From Facebook friends Dennis Lewis and Jess Anderson, this poignant editorial cartoon by Mike Luckovich:

This not long after Jeff Shaumeyer provided a link to an appalling scapegoat story in the Central Telegraph (of Australia):

‘Cyclone no time for atheist PM’

A CONTROVERSIAL church group has called on Prime Minister Julia Gillard to fall on her knees in prayer in the midst of the looming cyclone crisis facing Queensland.

“It is very sad that this dark chapter in Australia’s history is led by an atheist Prime Minister in Julia Gillard and an openly homosexual Greens leader… both who have no regard for God nor prayer,” Catch the Fire Ministeries said in a statement today.

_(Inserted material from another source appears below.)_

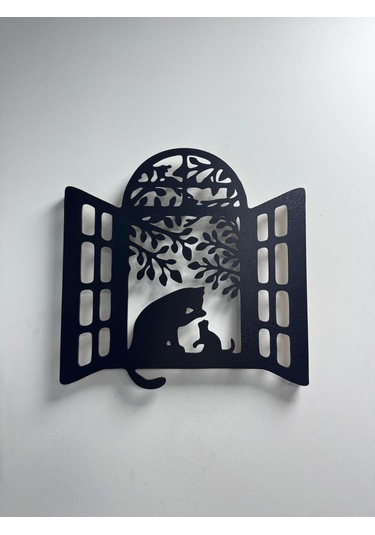 Kedi Ailesi Led Işıklı Tablo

President Dr Daniel Nalliah said Julia Gillard was not elected by the majority of the Australian people, but rather the personal decision of two power hungry independent MPs who catapulted Ms Gillard to the top job.

“Are we Aussies all paying for that decision? It is very well known that throughout history, in a time of national crisis, kings, prime ministers and presidents of countries around the world have turned to God, irrespective of whether they were Christian, Buddhist, Hindu or Muslim and asked for help or at least called the nation to pray for protection and for the victims of the disaster,” Dr Nalliah said.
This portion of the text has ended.